State Funding Worries
ISO-NE environmental and regulatory analyst Patricio Silva gave a presentation that highlighted Trump’s proposed 31% reduction in EPA’s budget for fiscal year 2018, to $5.7 billion from $8.2 billion this year. Silva said the cuts could impact New England states’ capacity to enforce environmental regulations. In 2016, Connecticut, Vermont, Massachusetts and Maine relied on EPA for 21 to 24% of their environmental agency budgets, while New Hampshire and Rhode Island saw the federal grants fund 35%.
Roger Reynolds, of Connecticut Fund for the Environment/Save the Sound, said the proposed 31% reduction would eliminate funding for estuaries and the Great Lakes. “And since we’re closely associated with Long Island Sound, that concerned us greatly,” he said. “Long Island Sound generates $18 billion annually for the regional economy, and that’s on the low end of the estimates.”
Noting that his group received $8 million in federal funding in 2017, twice its 2016 outlay, Reynolds said that “it’s not entirely clear — in fact, quite the opposite — that Congress is necessarily in lock-step [with Trump], especially on environmental funding.”
Silva also pointed out that presidents’ proposed cuts don’t always survive Congress. For example, President Ronald Reagan proposed 25% to be cut from the EPA budget over two years, and the budget for fiscal 1982 ended up being decreased by 7%, Silva said.
‘Rollback Rebound’
“There is a significant amount of uncertainty now facing all segments of the industry when it comes to determining what’s going to happen and what are the consequences of the regulatory agenda that the incoming administration has been outlining,” Silva said.

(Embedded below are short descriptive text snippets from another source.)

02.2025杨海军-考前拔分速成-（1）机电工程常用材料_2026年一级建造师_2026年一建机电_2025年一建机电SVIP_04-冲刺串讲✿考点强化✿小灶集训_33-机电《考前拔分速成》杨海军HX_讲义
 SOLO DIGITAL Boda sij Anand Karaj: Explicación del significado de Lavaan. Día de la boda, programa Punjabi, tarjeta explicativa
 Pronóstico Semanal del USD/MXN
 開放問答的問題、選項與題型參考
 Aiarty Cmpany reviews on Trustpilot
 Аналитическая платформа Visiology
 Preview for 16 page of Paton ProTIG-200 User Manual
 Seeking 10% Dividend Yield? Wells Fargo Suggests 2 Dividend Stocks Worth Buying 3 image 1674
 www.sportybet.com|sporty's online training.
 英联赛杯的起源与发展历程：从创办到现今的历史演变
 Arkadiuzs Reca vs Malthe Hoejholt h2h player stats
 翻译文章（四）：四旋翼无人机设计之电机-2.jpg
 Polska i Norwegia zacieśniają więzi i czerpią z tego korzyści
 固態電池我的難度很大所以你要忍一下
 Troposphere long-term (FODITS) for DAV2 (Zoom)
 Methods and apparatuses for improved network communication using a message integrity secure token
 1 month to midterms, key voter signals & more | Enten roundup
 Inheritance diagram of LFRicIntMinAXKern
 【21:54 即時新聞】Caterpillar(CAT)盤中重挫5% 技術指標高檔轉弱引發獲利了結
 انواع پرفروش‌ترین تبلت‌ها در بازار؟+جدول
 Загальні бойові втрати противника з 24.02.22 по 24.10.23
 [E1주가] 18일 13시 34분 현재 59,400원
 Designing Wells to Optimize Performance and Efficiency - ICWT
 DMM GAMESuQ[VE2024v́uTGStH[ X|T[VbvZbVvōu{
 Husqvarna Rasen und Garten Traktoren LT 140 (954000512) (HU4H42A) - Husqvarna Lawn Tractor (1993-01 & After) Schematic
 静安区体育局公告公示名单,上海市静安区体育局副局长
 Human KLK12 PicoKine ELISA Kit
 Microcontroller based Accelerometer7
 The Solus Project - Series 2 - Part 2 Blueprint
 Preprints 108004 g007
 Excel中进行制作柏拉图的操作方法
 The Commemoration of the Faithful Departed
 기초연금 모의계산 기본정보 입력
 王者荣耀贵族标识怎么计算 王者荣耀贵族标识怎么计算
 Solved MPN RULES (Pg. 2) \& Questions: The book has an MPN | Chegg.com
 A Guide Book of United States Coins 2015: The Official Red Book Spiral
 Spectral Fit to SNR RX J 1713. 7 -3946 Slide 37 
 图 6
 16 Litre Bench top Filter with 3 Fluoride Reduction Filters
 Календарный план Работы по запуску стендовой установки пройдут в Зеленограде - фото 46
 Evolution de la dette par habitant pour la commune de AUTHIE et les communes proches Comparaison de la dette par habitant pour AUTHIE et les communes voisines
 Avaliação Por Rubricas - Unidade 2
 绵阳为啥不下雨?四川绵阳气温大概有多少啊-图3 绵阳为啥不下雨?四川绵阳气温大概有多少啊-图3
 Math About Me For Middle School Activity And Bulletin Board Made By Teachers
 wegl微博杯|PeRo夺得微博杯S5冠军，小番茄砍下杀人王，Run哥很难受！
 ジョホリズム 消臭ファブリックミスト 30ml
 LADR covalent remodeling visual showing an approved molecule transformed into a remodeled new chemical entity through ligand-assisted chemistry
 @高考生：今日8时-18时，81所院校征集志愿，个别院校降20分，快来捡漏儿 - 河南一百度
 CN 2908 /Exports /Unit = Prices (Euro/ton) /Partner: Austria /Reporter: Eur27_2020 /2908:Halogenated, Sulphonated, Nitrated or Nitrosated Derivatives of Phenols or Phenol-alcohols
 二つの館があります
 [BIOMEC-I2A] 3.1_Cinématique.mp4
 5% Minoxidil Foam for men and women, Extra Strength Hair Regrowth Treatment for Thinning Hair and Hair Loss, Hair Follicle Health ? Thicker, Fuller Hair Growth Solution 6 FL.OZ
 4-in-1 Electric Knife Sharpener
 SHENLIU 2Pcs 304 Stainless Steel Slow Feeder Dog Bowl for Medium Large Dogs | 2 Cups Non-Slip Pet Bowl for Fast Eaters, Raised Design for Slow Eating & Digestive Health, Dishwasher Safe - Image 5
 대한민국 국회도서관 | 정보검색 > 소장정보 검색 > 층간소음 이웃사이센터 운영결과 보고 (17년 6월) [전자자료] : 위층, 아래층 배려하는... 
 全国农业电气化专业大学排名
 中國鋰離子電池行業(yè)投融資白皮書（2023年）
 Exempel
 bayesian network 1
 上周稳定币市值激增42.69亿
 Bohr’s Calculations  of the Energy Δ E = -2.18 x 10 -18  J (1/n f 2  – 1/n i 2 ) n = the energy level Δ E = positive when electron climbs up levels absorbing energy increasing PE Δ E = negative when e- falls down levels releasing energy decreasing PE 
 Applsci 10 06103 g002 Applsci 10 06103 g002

After Trump announced his decision to withdraw from the Paris Agreement on climate change June 1, several states, including most of New England, vowed to uphold U.S. commitments to reduce greenhouse gas emissions. Silva said this is evidence of the risk of a “rollback rebound” — a term he credited to D.C.-based consultants ClearView Energy Partners. If states rush to fill the vacuum left by the Trump administration, Silva said, they could create a patchwork of regulatory policies that further complicate business for energy developers. (See Trump Pulling U.S. Out of Paris Climate Accord.)
| ISO-NE
“We have no idea what’s going to happen with the high-priority infrastructure initiative that the administration’s put out,” said Silva. “Again, with the absence of any staff at CEQ to implement these programs and also … the withdrawal of policy guidance on how greenhouse gas is accounted for… we now run the risk that if a new transmission project is developed here in the region, it could be facing different greenhouse gas standard assessments by FERC, Fish and Wildlife [Service] and Army Corps of Engineers. And then CEQ would be stuck trying to reconcile all those different approaches.”
Lack of staff could jeopardize permitting and oversight not only for new transmission, but also for generators, pipelines, fuel storage and port projects, he said.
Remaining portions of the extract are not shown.